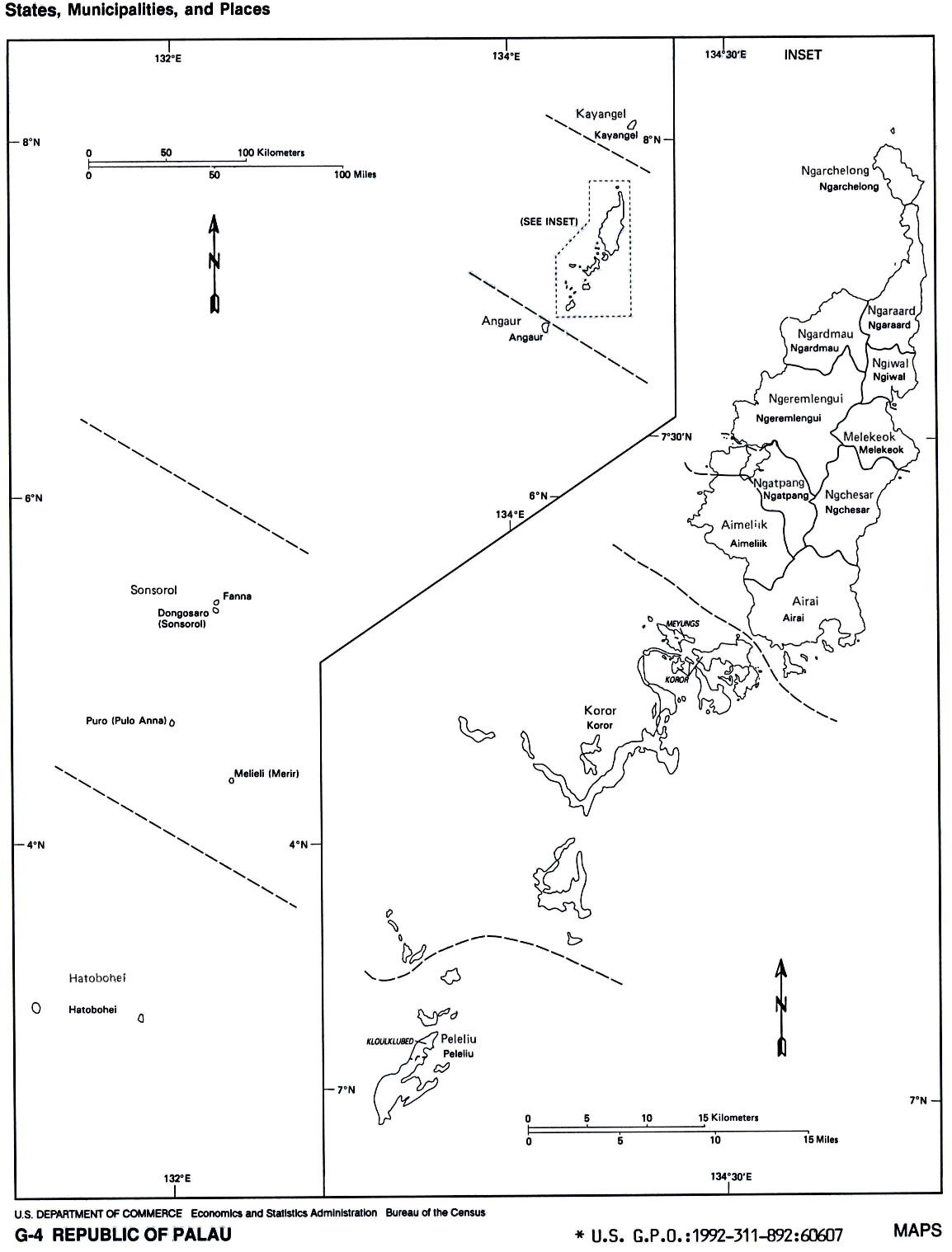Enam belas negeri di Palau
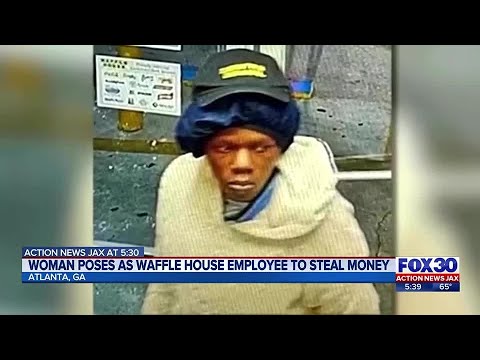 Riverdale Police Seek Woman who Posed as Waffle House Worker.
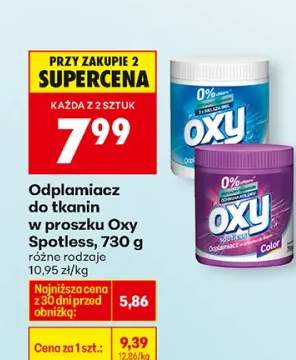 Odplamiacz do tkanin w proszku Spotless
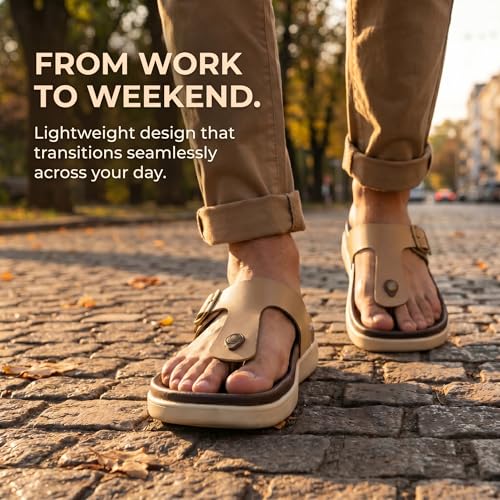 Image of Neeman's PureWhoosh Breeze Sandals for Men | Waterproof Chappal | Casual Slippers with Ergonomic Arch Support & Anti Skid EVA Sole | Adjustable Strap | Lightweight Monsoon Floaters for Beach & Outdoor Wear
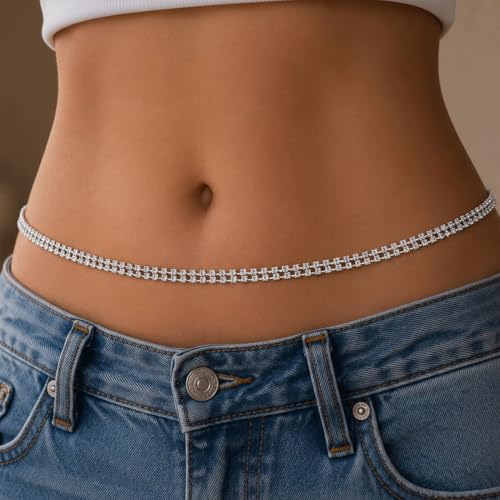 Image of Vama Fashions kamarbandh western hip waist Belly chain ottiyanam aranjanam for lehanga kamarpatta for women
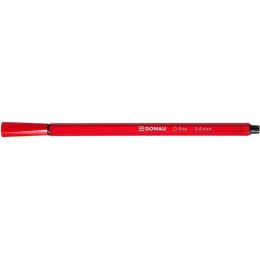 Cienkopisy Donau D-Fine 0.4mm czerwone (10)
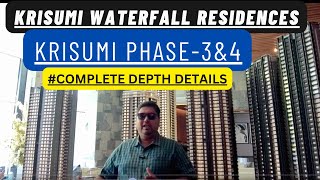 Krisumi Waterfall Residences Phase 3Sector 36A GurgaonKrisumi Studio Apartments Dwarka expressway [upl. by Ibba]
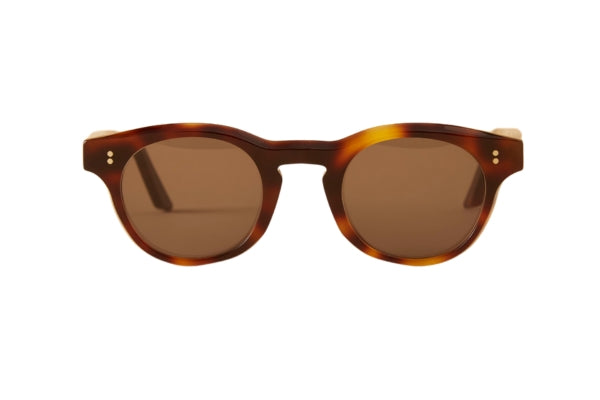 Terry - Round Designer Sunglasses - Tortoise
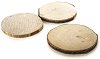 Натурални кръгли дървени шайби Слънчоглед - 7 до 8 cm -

#### [GOAL OF THE EXERCISE]
Copy exactly, and copy nothing else: the lines from the start of the data above through the line that holds "Image of Neeman's". The pictures stay out.

#### [ANSWER BOX]
Enam belas negeri di Palau
 Riverdale Police Seek Woman who Posed as Waffle House Worker.
 Odplamiacz do tkanin w proszku Spotless
 Image of Neeman's PureWhoosh Breeze Sandals for Men | Waterproof Chappal | Casual Slippers with Ergonomic Arch Support & Anti Skid EVA Sole | Adjustable Strap | Lightweight Monsoon Floaters for Beach & Outdoor Wear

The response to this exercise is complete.